ふと頭上を見上げると、「となりのセトシ」の文字が。長久手市にある万博公園にオープンしたジブリパーク開業に合わせ、某ジブリアニメにちなんで、焼き物の街を全力でアピールしている。平日は運行されていないが、休日には尾張瀬戸駅から万博公園行の路線バスもある。

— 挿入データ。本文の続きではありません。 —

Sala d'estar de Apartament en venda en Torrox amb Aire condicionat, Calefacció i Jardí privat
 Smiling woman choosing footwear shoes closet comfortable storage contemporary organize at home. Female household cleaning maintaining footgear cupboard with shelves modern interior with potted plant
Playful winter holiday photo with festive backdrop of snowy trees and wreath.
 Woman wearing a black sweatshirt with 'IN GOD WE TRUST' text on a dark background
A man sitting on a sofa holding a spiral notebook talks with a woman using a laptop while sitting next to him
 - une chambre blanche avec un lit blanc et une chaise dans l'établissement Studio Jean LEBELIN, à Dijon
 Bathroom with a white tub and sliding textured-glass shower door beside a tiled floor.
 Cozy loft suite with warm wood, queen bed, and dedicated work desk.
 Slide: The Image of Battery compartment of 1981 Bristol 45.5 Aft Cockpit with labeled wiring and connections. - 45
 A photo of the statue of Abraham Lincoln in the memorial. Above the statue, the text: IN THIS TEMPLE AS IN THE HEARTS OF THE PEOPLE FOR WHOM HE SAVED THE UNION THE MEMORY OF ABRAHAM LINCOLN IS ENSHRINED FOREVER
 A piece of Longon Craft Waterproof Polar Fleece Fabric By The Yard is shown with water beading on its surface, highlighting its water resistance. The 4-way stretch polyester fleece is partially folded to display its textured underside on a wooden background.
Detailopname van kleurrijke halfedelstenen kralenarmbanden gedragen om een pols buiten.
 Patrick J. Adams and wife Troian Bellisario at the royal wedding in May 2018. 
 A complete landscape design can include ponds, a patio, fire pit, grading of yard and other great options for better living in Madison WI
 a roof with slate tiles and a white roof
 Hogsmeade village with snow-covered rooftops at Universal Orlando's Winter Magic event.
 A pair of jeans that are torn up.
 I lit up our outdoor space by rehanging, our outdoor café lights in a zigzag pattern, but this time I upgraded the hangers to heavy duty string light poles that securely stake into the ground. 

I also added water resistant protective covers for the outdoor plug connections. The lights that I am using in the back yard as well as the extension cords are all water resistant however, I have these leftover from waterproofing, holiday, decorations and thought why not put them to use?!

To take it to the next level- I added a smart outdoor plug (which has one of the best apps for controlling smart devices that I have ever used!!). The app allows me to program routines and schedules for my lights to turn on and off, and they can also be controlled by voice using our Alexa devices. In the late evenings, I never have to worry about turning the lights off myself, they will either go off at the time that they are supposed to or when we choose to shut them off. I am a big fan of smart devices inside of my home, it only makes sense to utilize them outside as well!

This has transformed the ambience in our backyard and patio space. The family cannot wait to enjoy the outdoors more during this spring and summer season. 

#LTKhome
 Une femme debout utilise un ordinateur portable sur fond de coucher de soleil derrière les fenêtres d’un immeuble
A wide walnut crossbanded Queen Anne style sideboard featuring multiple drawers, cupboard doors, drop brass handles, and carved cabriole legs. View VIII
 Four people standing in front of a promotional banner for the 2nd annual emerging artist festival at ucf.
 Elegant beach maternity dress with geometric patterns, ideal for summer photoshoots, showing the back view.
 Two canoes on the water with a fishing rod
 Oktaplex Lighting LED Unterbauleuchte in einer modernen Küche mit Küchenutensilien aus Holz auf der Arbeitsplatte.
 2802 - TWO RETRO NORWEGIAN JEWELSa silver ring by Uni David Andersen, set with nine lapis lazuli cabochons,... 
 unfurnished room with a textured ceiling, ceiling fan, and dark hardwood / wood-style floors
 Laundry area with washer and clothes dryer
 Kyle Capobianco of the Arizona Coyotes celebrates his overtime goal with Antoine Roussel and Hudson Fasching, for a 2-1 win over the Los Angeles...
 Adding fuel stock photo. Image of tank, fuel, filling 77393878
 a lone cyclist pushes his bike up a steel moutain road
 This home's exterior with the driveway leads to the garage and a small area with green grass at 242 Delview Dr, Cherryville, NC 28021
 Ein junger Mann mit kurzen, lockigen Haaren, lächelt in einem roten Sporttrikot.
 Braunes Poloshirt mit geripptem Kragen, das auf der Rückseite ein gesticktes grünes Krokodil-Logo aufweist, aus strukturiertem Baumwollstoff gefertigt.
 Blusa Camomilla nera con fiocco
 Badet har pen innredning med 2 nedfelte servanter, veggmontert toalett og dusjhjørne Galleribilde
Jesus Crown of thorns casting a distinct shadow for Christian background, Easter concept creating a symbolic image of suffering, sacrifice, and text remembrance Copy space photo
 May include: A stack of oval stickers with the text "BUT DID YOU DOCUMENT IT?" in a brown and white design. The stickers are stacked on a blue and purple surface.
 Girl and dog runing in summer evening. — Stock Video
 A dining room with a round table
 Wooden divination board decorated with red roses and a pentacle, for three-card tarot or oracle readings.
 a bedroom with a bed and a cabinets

名鉄瀬戸線の次に乗車するのは八草駅から出るリニモ。鉄道で向かうには、尾張瀬戸から一旦瀬戸市駅まで戻り、そこから愛知環状鉄道に乗り換える必要がある。今回は偶然にも、瀬戸市が運行する八草行のコミュニティバスと時間が合い、こちらに乗車して八草駅に向かうことにした。ハイエースで運転されるコミュニティバスで、八草駅へと向かうバスは上之山線という路線。この路線には、尾張瀬戸駅から愛知環状鉄道の山口駅までの区間で住宅街を経由していく系統と、国道でショートカットする2系統があり、乗車したのは後者。1回の乗車は100円で、15分ほどで八草駅に到着することができた。ちなみに八草駅は住所上は豊田市となっていて、この路線は八草駅の部分だけ豊田市を走る。
乗車記録18
瀬戸市コミュニティバス 上之山線 八草駅行
尾張瀬戸駅→八草駅

駅周辺は思ったほど栄えていない八草駅。ここは愛知環状鉄道とリニモが接続する駅で、リニモの側には愛知工業大学前という副駅名がついているとおり、駅から北東方向に進んだ場所に大学がある。ちなみに万博開催時は、万博八草駅という駅名となっていて、名古屋駅からこの駅まで、高蔵寺経由の臨時列車「エキスポシャトル」が運行されていた。
日本唯一の浮上式鉄道「リニモ」に乗車

リニモの愛称で親しまれているこの浮上式鉄道の正式な路線名は、愛知高速交通東部丘陵線という。現在日本で運行されている鉄道路線で唯一、浮上式鉄道に分類されており、八草駅と藤が丘駅の間の9kmほどを結んでいる。日中は8分間隔の運転で、八草駅では東側に設置されている折り返し線に入って折り返してくる。
乗車記録19
愛知高速交通東部丘陵線(リニモ)
八草→藤が丘 100形

運よく後方展望の席を取ることができた。八草駅を発車する時には、フワッと浮く感覚があり、そこから静かに走り始める。浮いた状態で走るため、揺れも少なく乗り心地もいい。東部丘陵線という名前のとおり、八草駅を出た列車は、丘陵をゆるやかなアップダウンで進んでいく。大きなジェットコースターに乗っているのうなそんな気分。車窓には遠くに白く雪を積もらせている山が見えた。後々調べてみると、その山は御嶽山だったらしい。このリニモは万博開業に合わせて整備された路線で、万博開催時は多くの人で大混雑した。自宅にも当時万博に行った人からもらった記念切手ケースがある。あれから20年が経とうとしている万博記念公園駅に到着。ここではジブリパークの開業もあってか子供連れや女性客の姿が多かった。その後は国道沿いに広がる大型店やトヨタ博物館の建物を横目に進み、地下区間へと突入して藤が丘駅へと向かう。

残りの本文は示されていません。